4.Editorial Taking the image holistically, something funny is happening. Dance is not something that people in protest do, nor is dancing something someone does to demonstrate a serious ideal. The artist is obviously trying to indicate that these politicians are dancing around the real issues of race and slavery. The politicians are not addressing the true issue in a meaningful way. The politicians should adjust their thinking and begin addressing the real issues of the election.
5.Indicative Each candidate in this cartoon is listed in a somewhat detrimental manner. The artist seems to be indicating that all of these candidates are putting their best foot forward, and carrying some skeletons in the closet. None of the candidates, in this artist portrayal, are pure and right for the candidacy. There are no icons of righteousness, nor icons of positive meaning in the actions of the characters.
6.Oppositional The ideas presented in the image are generally offensive to all parties involved. For the minorities because they are being regarded as associated with a political cause, and for the politicians because they appear to be playing politics, as we would say in modern parlance. The image is somewhat unfair to the Dred Scott case, as it had been an issue some 2-3 years past. (The Dred Scott decision came in 1857, and this picture is from the 1960 election.) If all fairness were given to the candidates, both positive and negative aspects of their ideals could be depicted, instead of having their ideals depicted purely in a negative light. I also wonder why the author depicted the Irish immigrant in such poor clothing. It would seem the slave girl should be in much worse clothing than an freeman.
7.Reflexive This cartoon tells us of the very complex nature of the political system and prejudices in the 1860's. Prejudice is not a simply matter of liking a majority group, but also of liking certain minorities less than others.

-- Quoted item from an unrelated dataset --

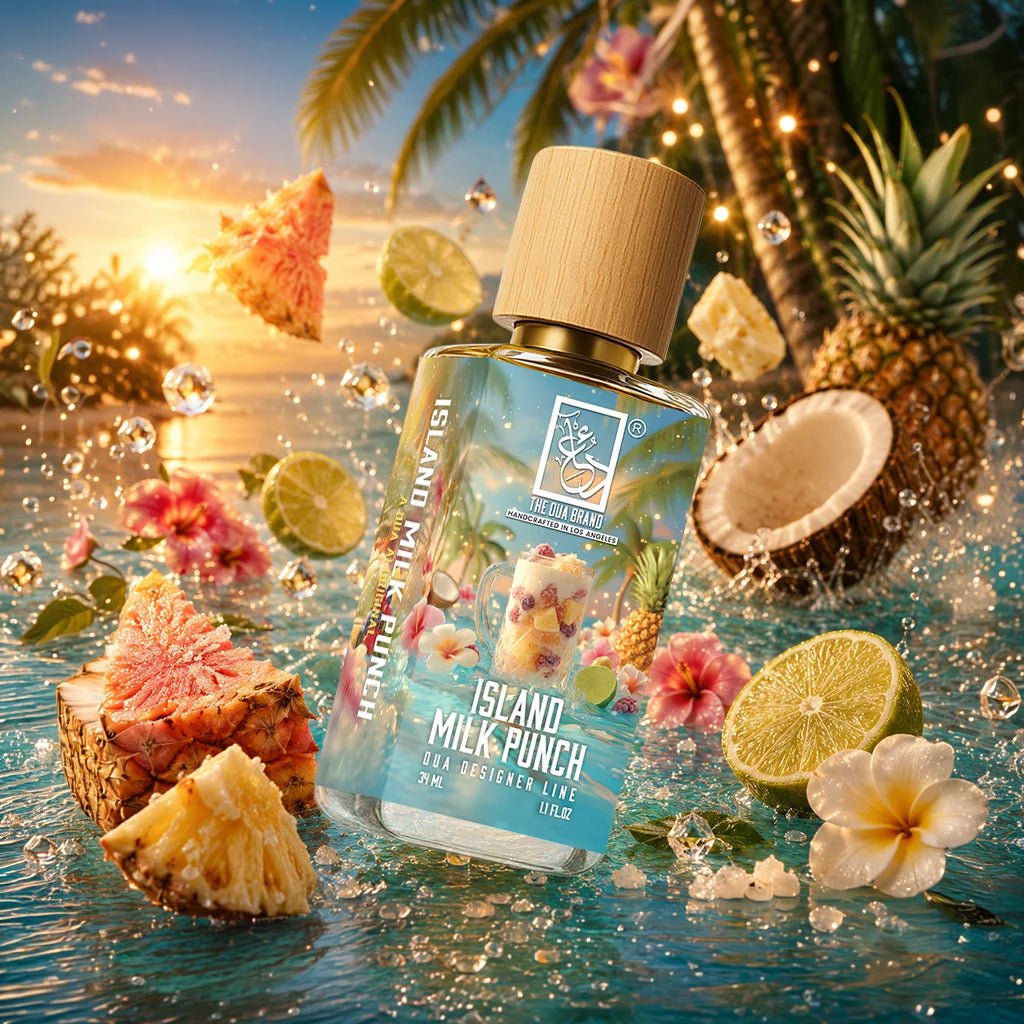 Dua Island Milk Punch - FragranceGems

Reflection on this process.

I feel that I should reflect on this process because it was amazingly difficult. I felt like I had to make some very uncomfortable assumptions based on my knowledge in order to create this reading. I don't know if I was uncomfortable with the assumptions because of a lack of comprehending the picture, or perhaps I felt I was not getting the facts correct.

There were some areas of this image that were easier to address. There were, for example, few icons in the image, so the iconic reading was simple. The editorial and indicative readings were difficult because they seemed to be similar. Finally, I ended up making an assumption that a political campaign is a serious thing, and these candidates are being portrayed dancing, which is frivolous. I took this to be a negative view of the candidates and read it as such.

Over all, I think that my reading is uncomfortable because of inexperience in this area of reading an image.


  1. Interesting cartoon, I like the playful nature of the drawings. As you note in your indicative reading, however, the artist is not in a playful mood. He does not seem to favor any of the characters depicted. I think that your iconic reading is right on. It does seem like the author is outraged that these people are not serious and thoughtful about the issues at hand. Good work!

  2. Jonathan- I agree with your frustration. I found the experience to be difficult yet rewarding. I am very unfamiliar with the history of the time period and had a hard time doing my reading because of this. I think you are right that the indicative and the editorial readings are the hardest. I think that your commentary on the dress of the characters represented may be part of the indicative reading. You mention this in the oppositional section, yet I think you have made an indicative observation regarding the dress of the Irishman. This imagery plays on the contemporary perception of the Irish which speaks to the social and cultural milieu of the author.